Des artistes originaires d’autres pays connurent ou connaissent une renommée mondiale : la Portugaise Luísa Todi (1753-1833), la Suédoise Jenny Lind (1820-1887), élève de García et l’une des plus grandes interprètes du xixe s., la Tchèque Tereza Stolzová (1834-1922), célèbre interprète de Verdi, le baryton hollandais Anton Van Rooy (1870-1932), le Russe Fiodor Chaliapine (1873-1938), la plus illustre basse de tous les temps, l’Espagnole María Barrientos (1884-1946), la Norvégienne Kirsten Flagstad, la basse bulgare Boris Christoff, les Anglaises Kathleen Ferrier et Joan Sutherland, les Espagnoles Teresa Berganza et Montserrat Caballé, la Suédoise Birgit Nilsson, les Américaines Marian Anderson et Grace Bumbry et la Grecque Maria Callas, la plus grande tragédienne lyrique d’aujourd’hui. Helga Pilarczyk et Cathy Berberian consacrent leur talent à la musique contemporaine.

A. V.

 H. Prunières, l’Opéra italien en France avant Lulli (H. Champion, 1913). / J.-G. Prod’homme, l’Opéra (Delagrave, 1925). / R. Bouvier, Farinelli, le chanteur des rois (A. Michel, 1943). / A. J. Heriot, The Castrati in Opera (Londres, 1956). / R. Celletti, I Grandi Voci (Rome, 1965). / H. Pleasant, The Great Singers (New York, 1966). / R. Mancini, l’Art du chant (P. U. F., coll. « Que sais-je ? », 1969).


Chanteurs et chanteuses de jazz

Permettant de communiquer avec l’auditeur de façon plus directe, plus immédiate, de rendre plus explicite ce qui, souvent, échappe dans le discours instrumental, le chant (en tout cas jusqu’à l’apparition du free jazz au début des années soixante) occupe une place essentielle dans l’histoire du jazz, dans la mesure surtout où cette musique — grâce aux chanteurs et aux chanteuses — a pu atteindre une dimension véritablement populaire et, de ce fait, dépasser les frontières d’une sorte de ghetto culturel.

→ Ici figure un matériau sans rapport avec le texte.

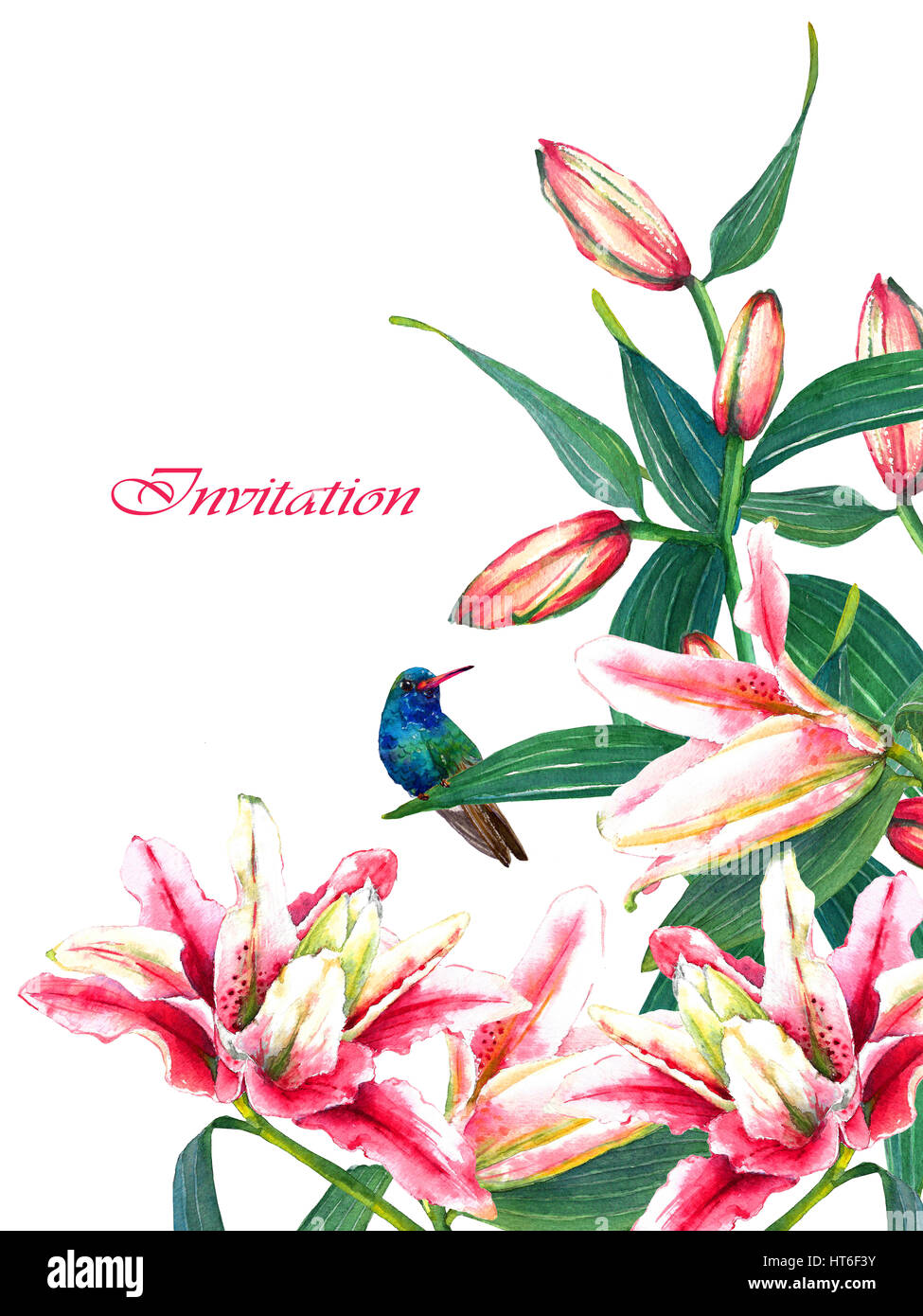 Bouquet de rose d'Asie tropicale des lys et un colibri. Isolé sur fond blanc. La mode ou la papeterie, carte de voeux et d'invitation de style Hawaïen Banque D'Images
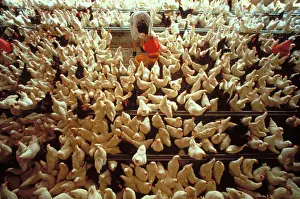 Factories: Battery Hens
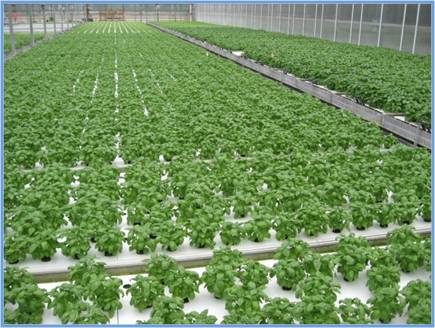 on the Urban Fringe: Farm Calls: A Grower Questions Why Hydroponics ...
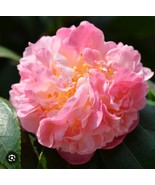 Bernice Beauty Camellia Japonica Live Starter Plant - $808.32 MXN
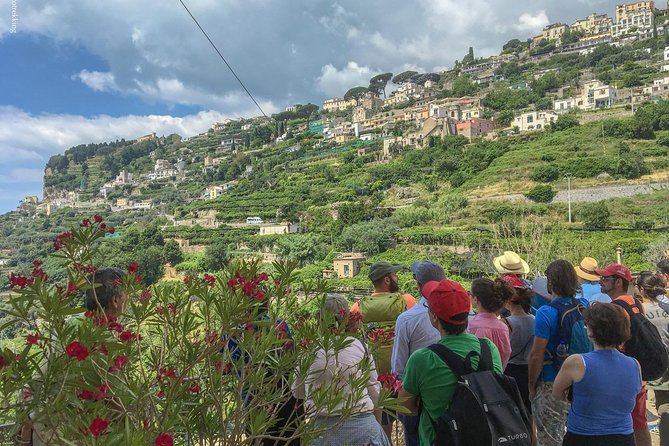 Private Tour: The Path of the Lemons - Panoramic Views of the Mediterranean Coast
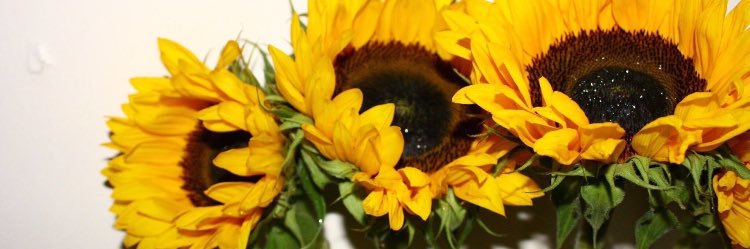 SunnyDeej_'s profile banner image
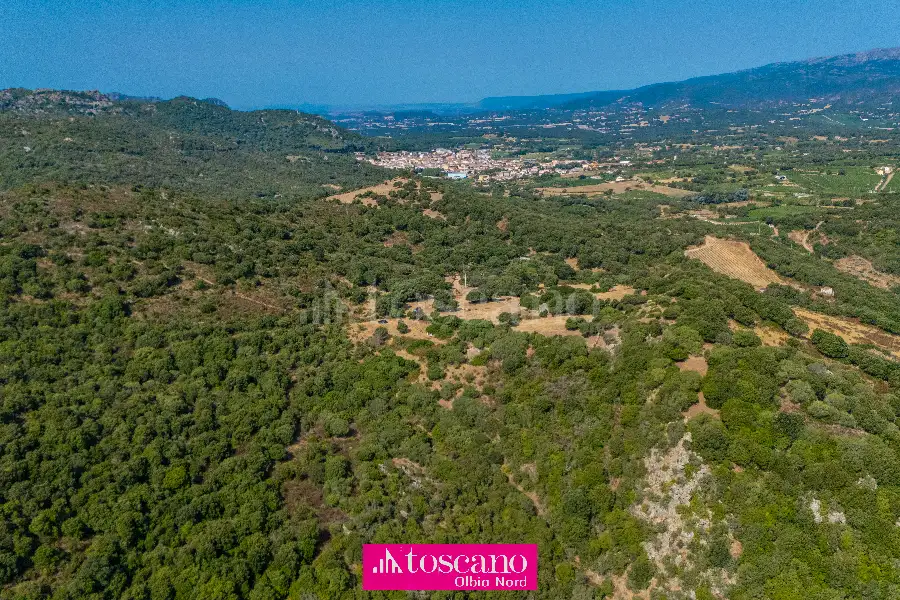 Agricolo in vendita di 176.937 mq a €170.000 (rif. 49/2026)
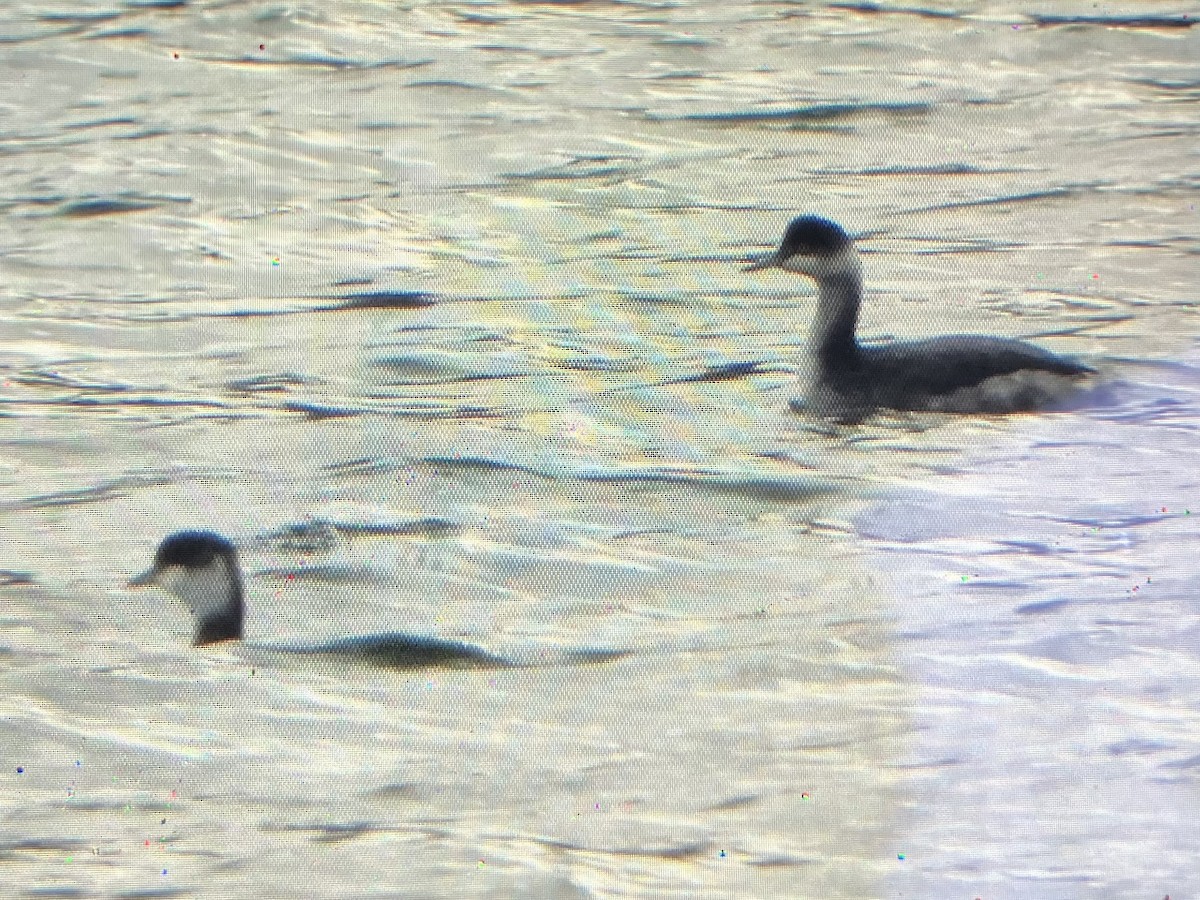 Grèbe à cou noir - ML645852675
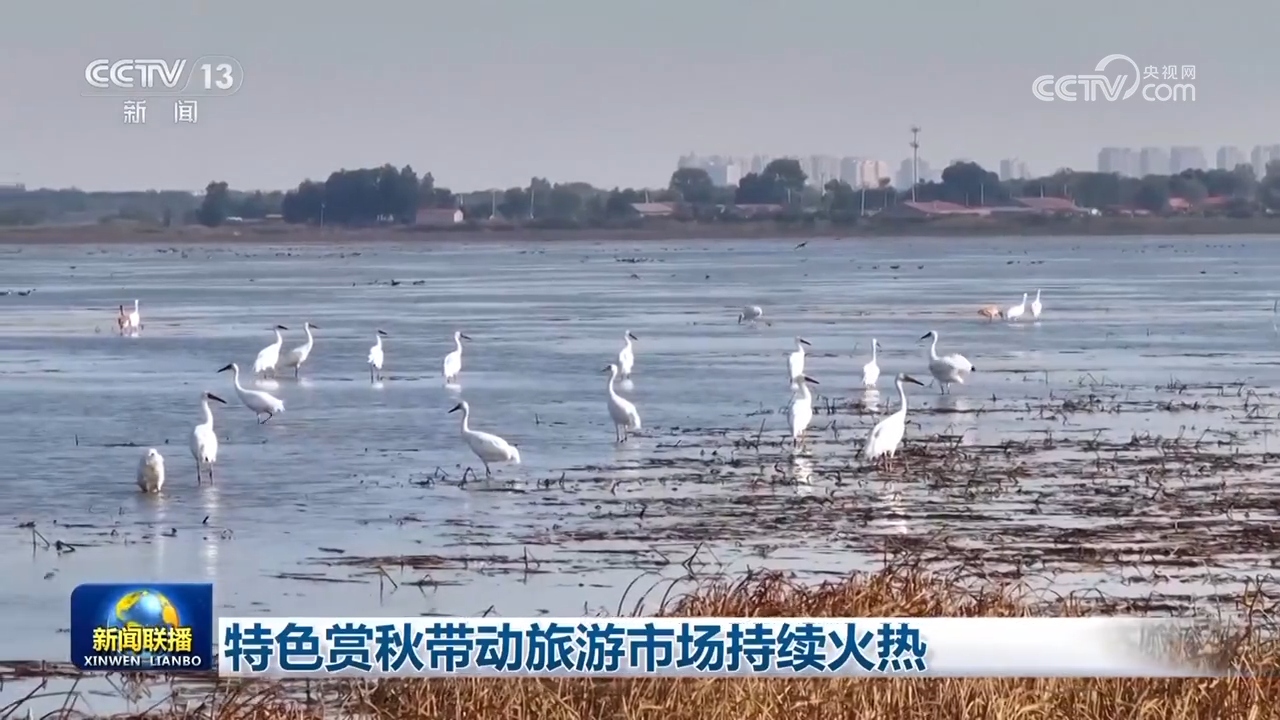 
东部战区总医院黄牛代挂号电话票贩子号贩子网上预约挂号,住院检查加快,特色赏秋带动旅游市场持续火热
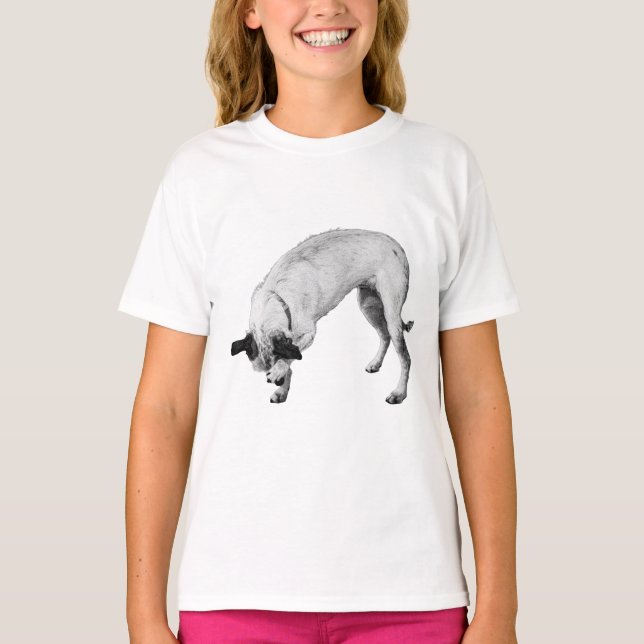 Camiseta Não fui eu, prometo (Frente)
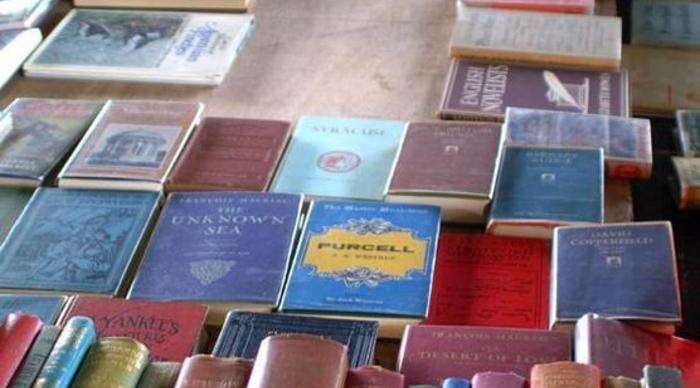 Scaled_books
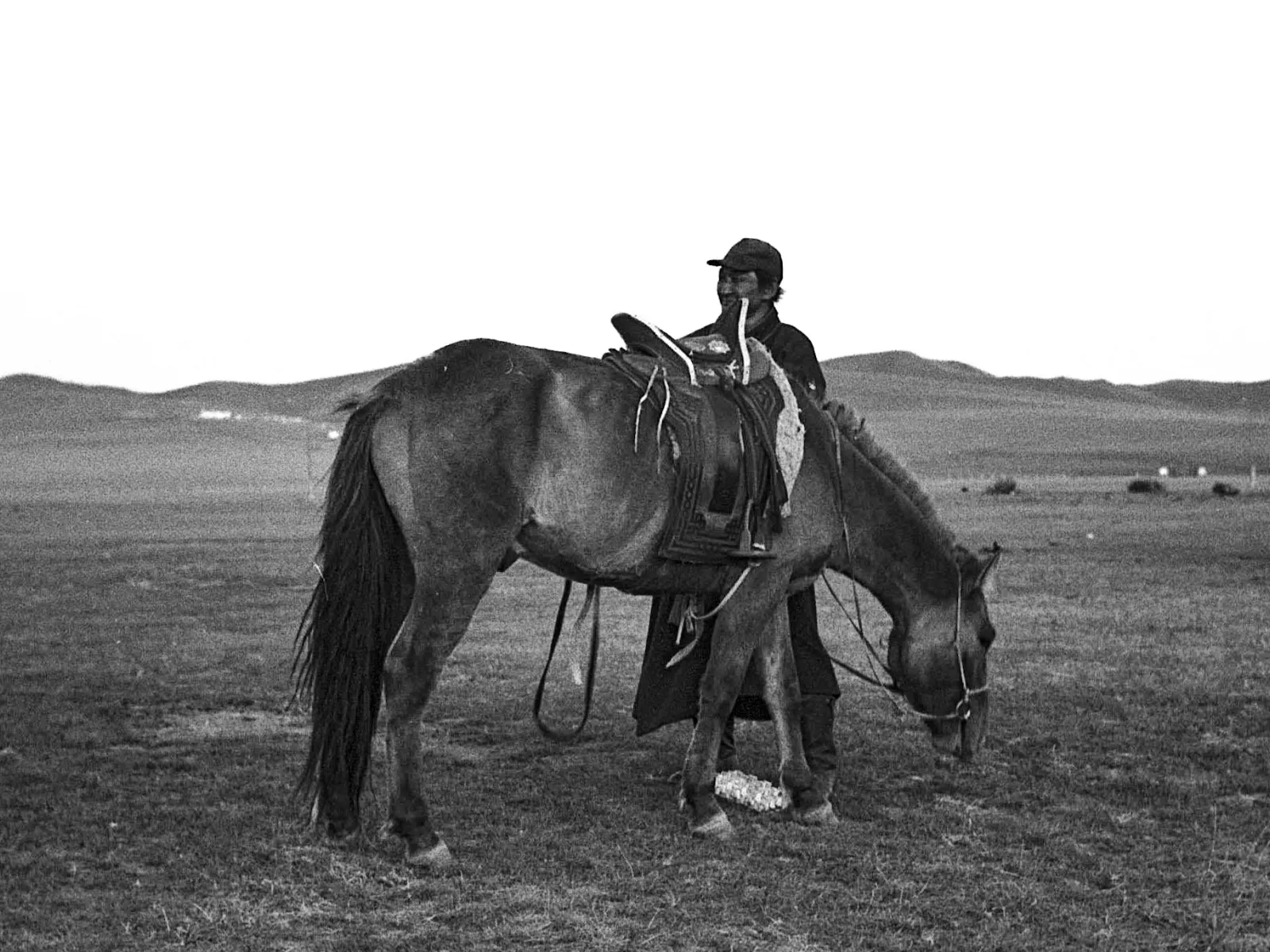 Photo by Shinnosuke Toya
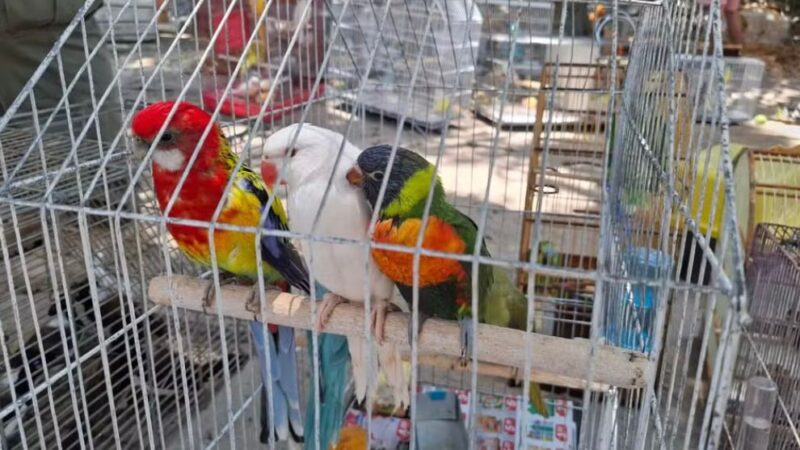 Maior operação exclusiva do Ibama no país prende mais de 30 por tráfico de animais na Feira da Parangaba, em Fortaleza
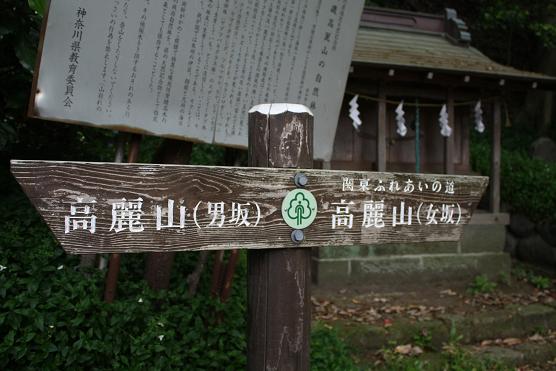 Mount of koma♪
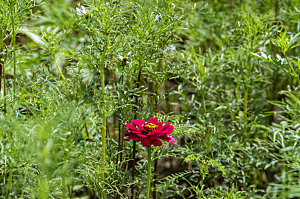 格桑花开格桑花特写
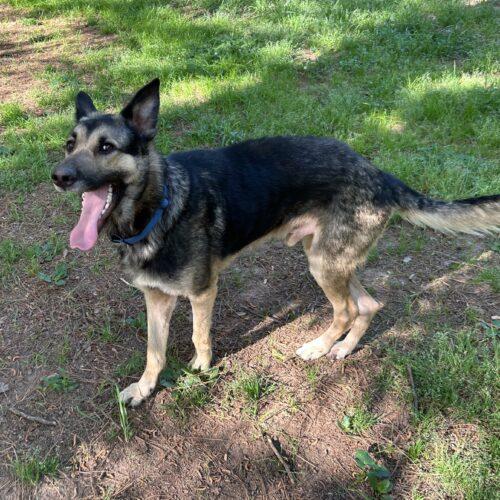 Journey, Adoptable, Young Male German Shepherd Dog.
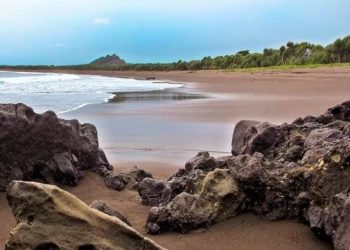 Pantai Rowo Cangak.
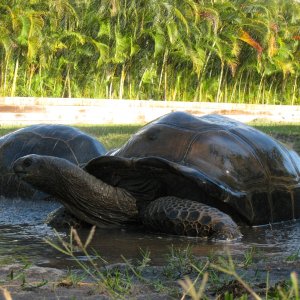 Aldabra Breeders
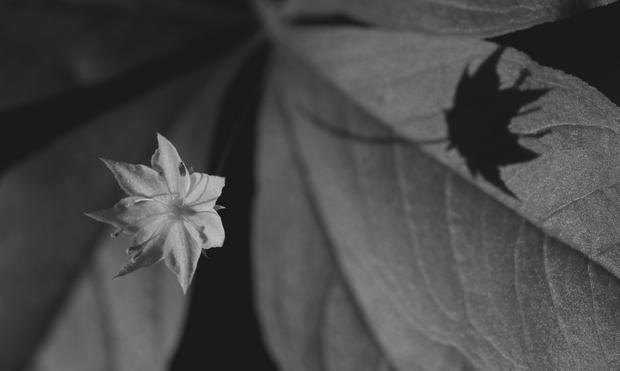 Macro photograph in black and white of a 15 mm open flower, with eight delicate pointy petals and eight anthers and stamens, on a long stem in the centre of the plant's leaves. The flower looks like a star and is in the sun on the left side of the picture. Behind and on the right side, its shadow is projected on one of the plant's leaf.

Utilisant, outre des compositions originales, des romances et des airs à la mode qu’ils transforment ou adaptent de manière plus ou moins radicale (cette « jazzification » d’un quelconque matériau thématique comportant essentiellement un nouveau découpage rythmique et un enrichissement de la ligne mélodique), les chanteurs sont en grande partie responsables de la disparition ou de l’atténuation de certaines résistances du public, confronté avec un nouveau style de jazz qui vient bouleverser ses habitudes (auditives, esthétiques).

C’est la raison pour laquelle — en dehors des chanteurs de blues* et de negro spirituals* — la limite de la création jazzique (où s’arrête le jazz ? où commence la « chansonnette » ? et l’inverse) est difficile à préciser, surtout lorsqu’elle passe à travers l’œuvre d’un même artiste. On peut cependant considérer que l’histoire du jazz vocal suit celle du jazz instrumental, car, comme l’a écrit Joachim Ernst Berendt, « le jazz tout entier a des origines vocales et le jazz vocal tout entier a des origines instrumentales ».


1920-1930
Sous le règne d’Armstrong

Au début du jazz, outre d’innombrables spécialistes du blues (en majorité des femmes, d’ailleurs), les vocalistes sont surtout des duettistes, héritiers plus ou moins directs des minstrels du xixe s. (Butterbeans et Suzie, Coot Grant et Sox Wilson), et quelques instrumentistes (notamment le trombone Jack Teagarden et Red McKenzie, un virtuose du kazoo, sorte de mirliton utilisé dans les orchestres campagnards du sud des États-Unis) qui s’amusent à vocaliser un thème — et souvent de façon burlesque. Il n’y a à cette époque, en fait, qu’une véritable personnalité capable de transformer n’importe quel thème en une œuvre originale : Louis Armstrong*. Jamais assujetti à la mode ou au matériel thématique qu’il choisit, créateur à tout moment, il fut et reste l’exemple parfait du chanteur de jazz. Sans atteindre au génie d’Armstrong et moins passionnée qu’une Bessie Smith (dont toute la carrière, toute la vie furent consacrées au blues). Ethel Waters, elle, fut à l’origine, par le phrasé et le timbre, d’un style vocal assez proche de l’opérette, style qu’elle rendit populaire à force de charme et de swing.